RECORD SET START

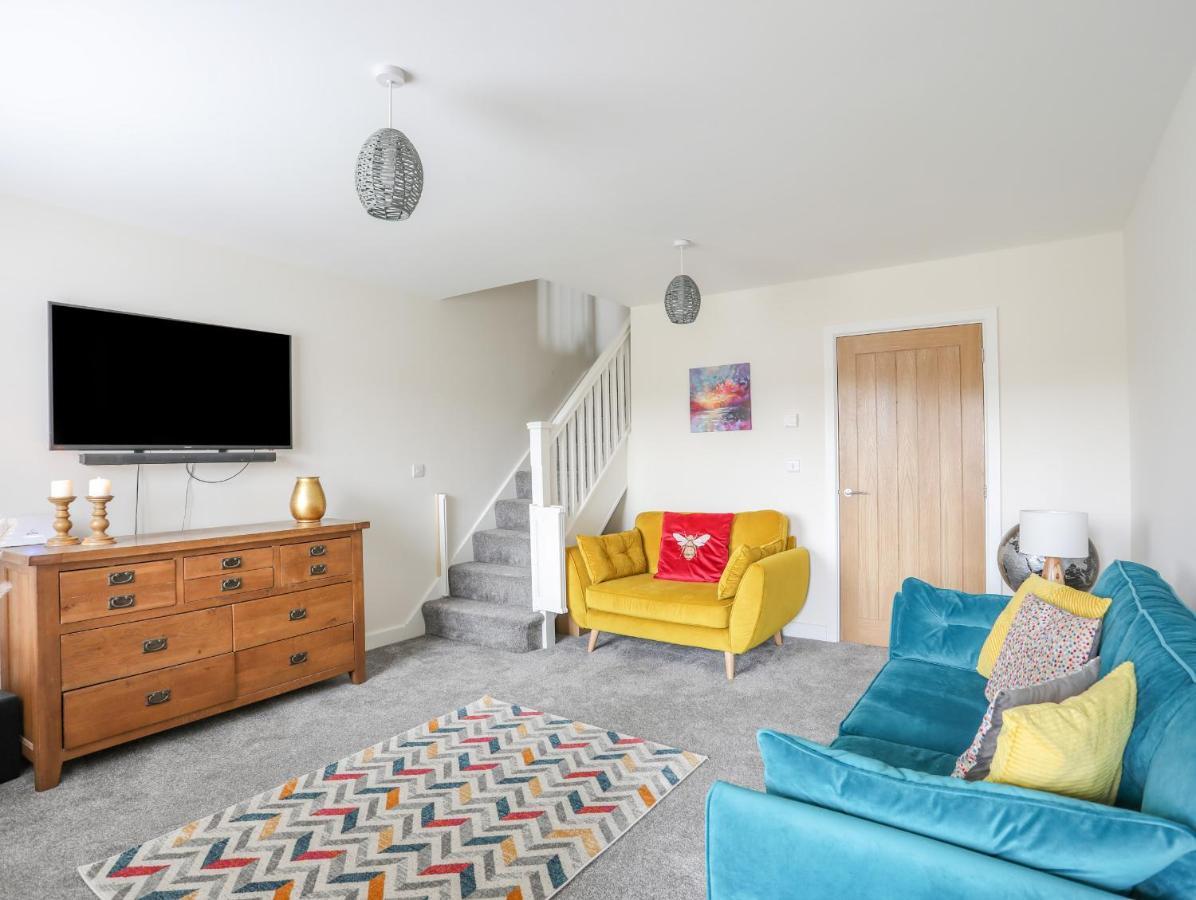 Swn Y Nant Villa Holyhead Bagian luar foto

RECORD SET END
RECORD SET START

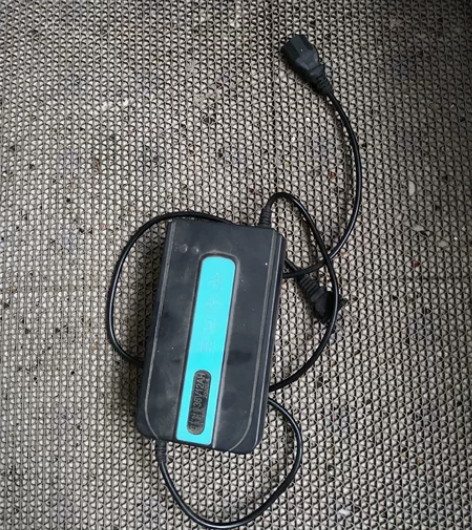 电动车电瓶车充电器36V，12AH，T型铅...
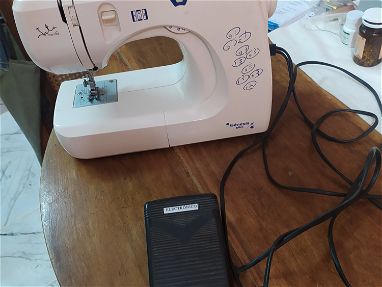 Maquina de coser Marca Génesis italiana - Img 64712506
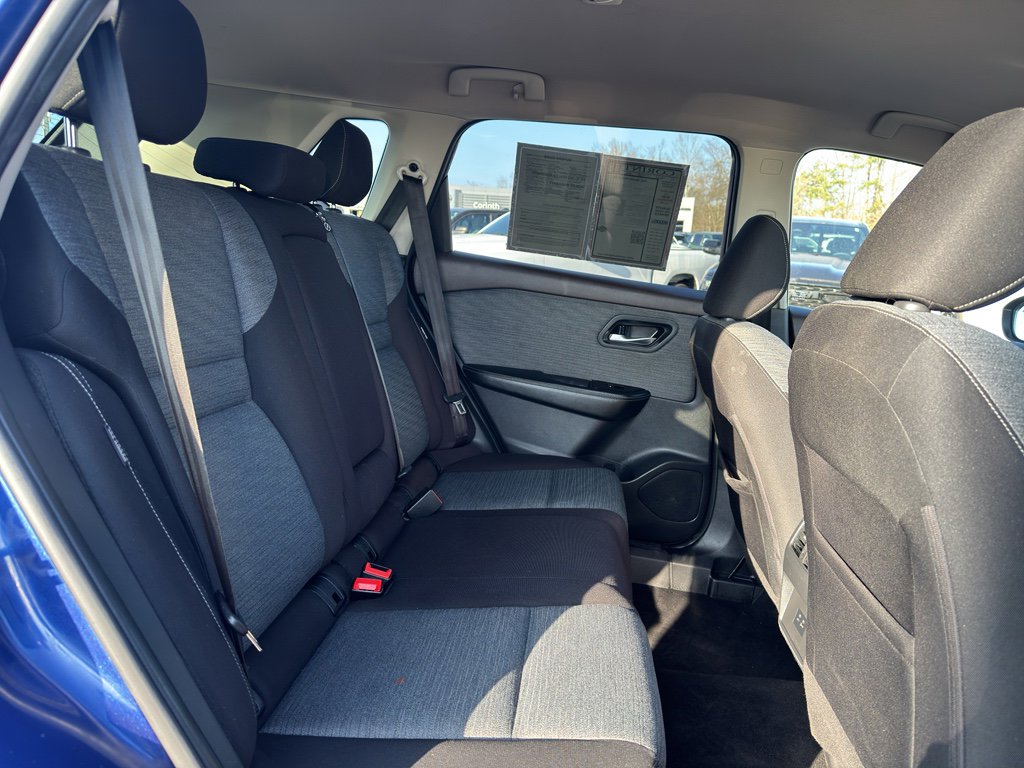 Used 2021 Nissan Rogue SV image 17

RECORD SET END

* **WHAT IS REQUIRED**: Repeat exactly the lines above, beginning at the one containing "电动车电瓶车充电器36V，12AH，T型铅..." and ending at the one containing "Used 2021 Nissan Rogue SV image 17". Do not carry over any pictures.

* **RESULT OF THIS EXERCISE**:
 电动车电瓶车充电器36V，12AH，T型铅...
 Maquina de coser Marca Génesis italiana - Img 64712506
 Used 2021 Nissan Rogue SV image 17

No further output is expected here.